2.4 ZONDER STRAFRECHT GEEN CRIMINALITEIT?
Men niet spreken van criminaliteit als het niet in het strafrecht staat. Een betere term is deviantie.
2.5 ALTERNATIEVE DEFINITIES VAN CRIMINALITEIT
o Sellin (1938): gevolg van conflicterende gedragsregels
Elke groep heeft eigen waarden, soms zorgt dat voor conflicten
o Schwendigers (1974): misdrijven zijn schendingen van mensenrechten
o Hirschi en Gottfedson (1990): criminaliteit zijn daden van geweld of fraude ondernomen uit
eigenbelang
o Vele andere wetenschappers gebruiken de term deviantie in plaats van criminaliteit
3
, 2.6 HET BEGRIP ‘CRIMINALITEIT’ AFSCHAFFEN?
o Vele criminologen vertrekken vanuit strafrechtelijke definities
o Vooral kritische criminologen pleiten voor de afschaffing om schade herstellen
o Sommige positivisten willen dit ook (zoals Gottfredson): “crime-free criminology”
o Zemiologen willen ‘criminaliteit’ vervangen door ‘sociale schade’
o Greenfield en Paoli kiezen voor een middenweg: strafrechtelijke definities + erkenning van
de centraliteit van schade + pleidooi voor beleidsevaluatie
Ze pleiten voor een systematische en empirische inschatting van de schade.
Criminaliteit en criminologie hebben noodzakelijk te maken met morele waarden en normen.
Gecriminaliseerde gedragingen zijn voldoende schadelijk om hun criminalisering te
rechtvaardigen, hun daaraan gekoppelde strafrechtelijke interventies zijn ook écht effectief met het
oog op het verminderen van de maatschappelijke schade.
H3: WAT IS CRIMINOLOGIE?
3.1 MATERIEEL VERSUS FORMEEL VOORWERP
o Materieel voorwerp = het studieobject, wat bestudeerd criminologie?
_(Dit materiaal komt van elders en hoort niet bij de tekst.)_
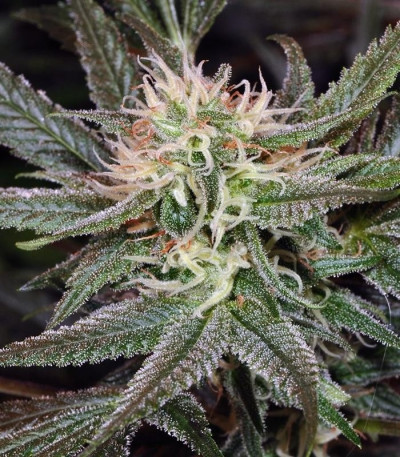 Семена сорта Super Silver Haze fem (Green House Seeds)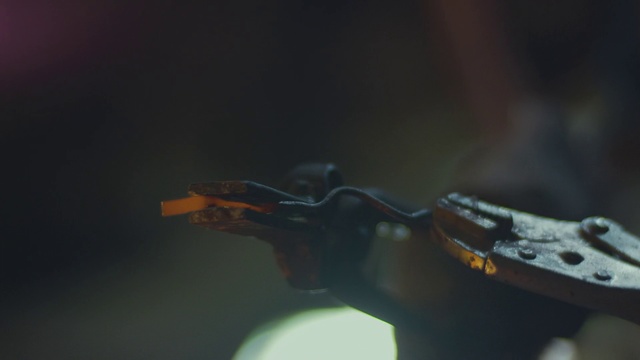 Video Reference: Macro photography, Organism, Photography, Plant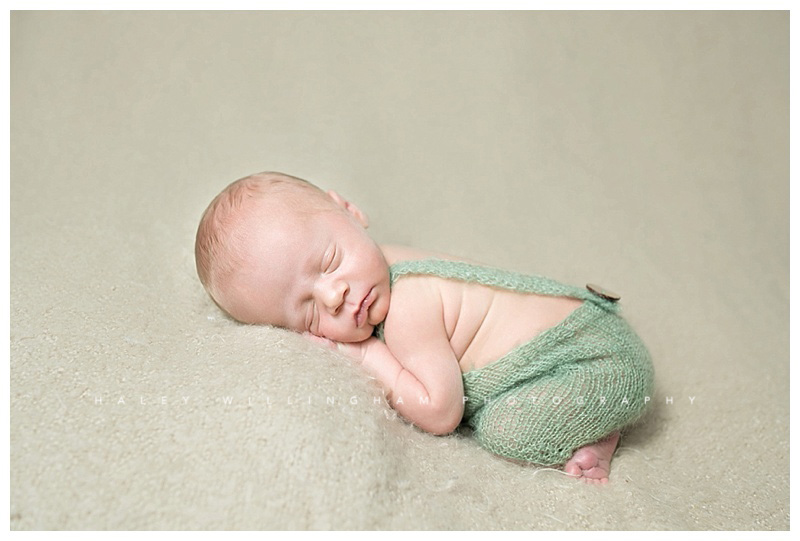 Winchester VA Newborn Photographer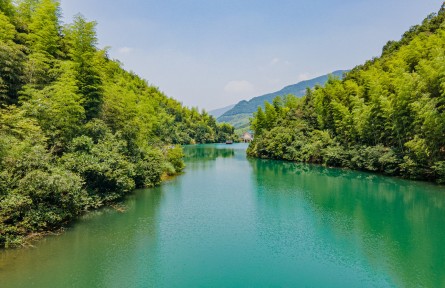 全国生态日记者行 | 点“水”亦成金——解锁浙江省杭州市余杭区青山村生态富民密码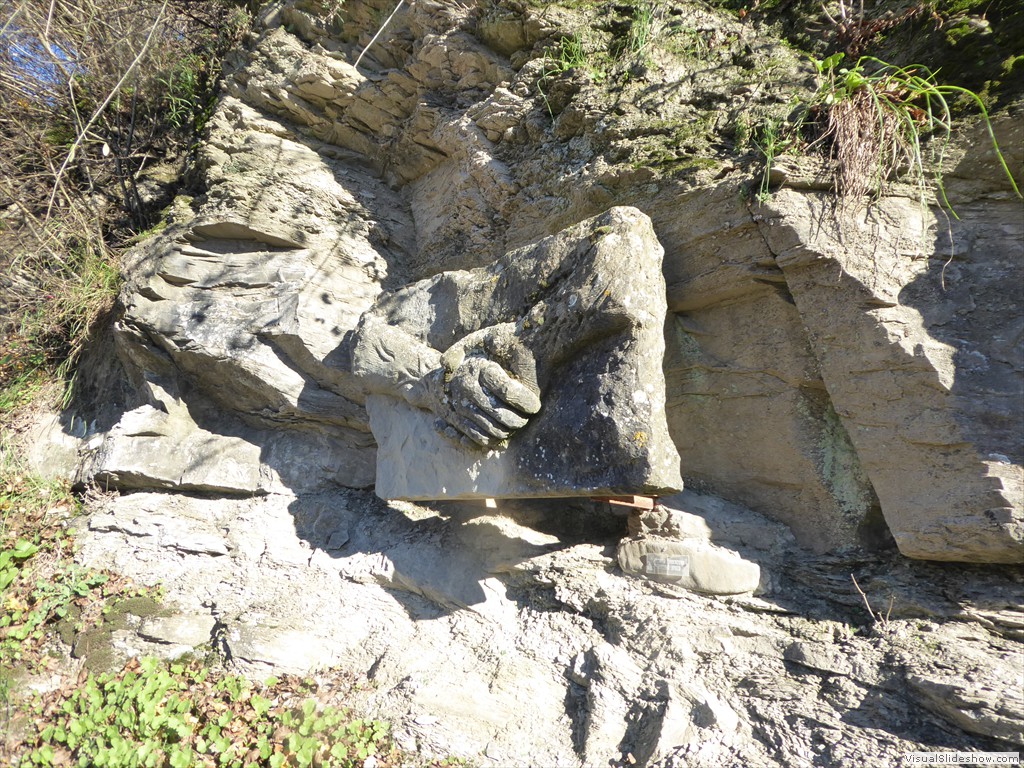 P1020254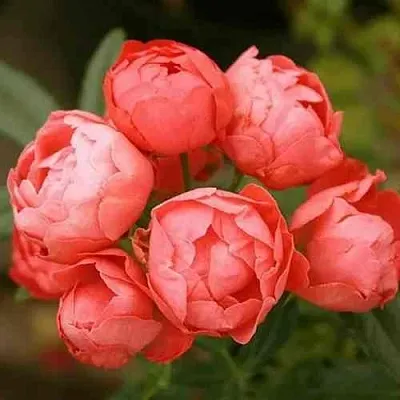 Саженцы роз ОРАНЖ МОРСДАГ полиантовая  Саженцы роз ОРАНЖ МОРСДАГ полиантовая в Пензе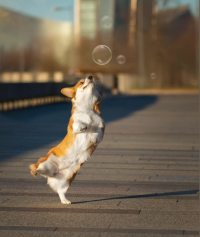 1638048402322.png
o Formeel voorwerp = de wijze waarop de wetenschap wordt bedreven, de methodes en de
achterliggende theorie.
3.1.1 MATERIEEL VOORWERP
De criminologie bestudeert: de criminaliteit en de reactie erop (hoe worden ze aangepakt?)
o De fenomenen criminaliteit en onveiligheid:
Fenomenologie = kwantitatieve en kwalitatieve vormgeving
Criminografie = geeft statistische en kwalitatieve beschrijving van de criminaliteit
Etiologie = de studie van de oorzaken van de criminaliteit en onveiligheid, de samenhang
met sociaal-structurele en individu-gebonden kenmerken
o De benoemingsprocessen van criminaliteit:
Rechtssociologie = de reden waarom en de manier waarop bepaalde vormen van gedrag
ge(de)criminaliseerd worden en andere niet.
Penologie = de studie van de toepassing van straffen als antwoord op criminaliteit
o De wijze waarop de samenleving tegen deze criminaliteit reageert via preventie,
misdaadbestrijding, bestraffing, nazorg en andere private reacties
Politiestudies = de studie van het functioneren van de politie
Victimologie = focus op slachtoffers
In de VS ook wel ‘criminal justice studies’ genoemd.
PROBLEMEN BIJ HET MATERIEEL VOORWERP
o De definiëring van criminaliteit is problematisch.
o Vele criminologen bestuderen niet enkel de criminaliteit zoals die volgens het strafrecht is
gedefinieerd, ze bestuderen ook deviantie.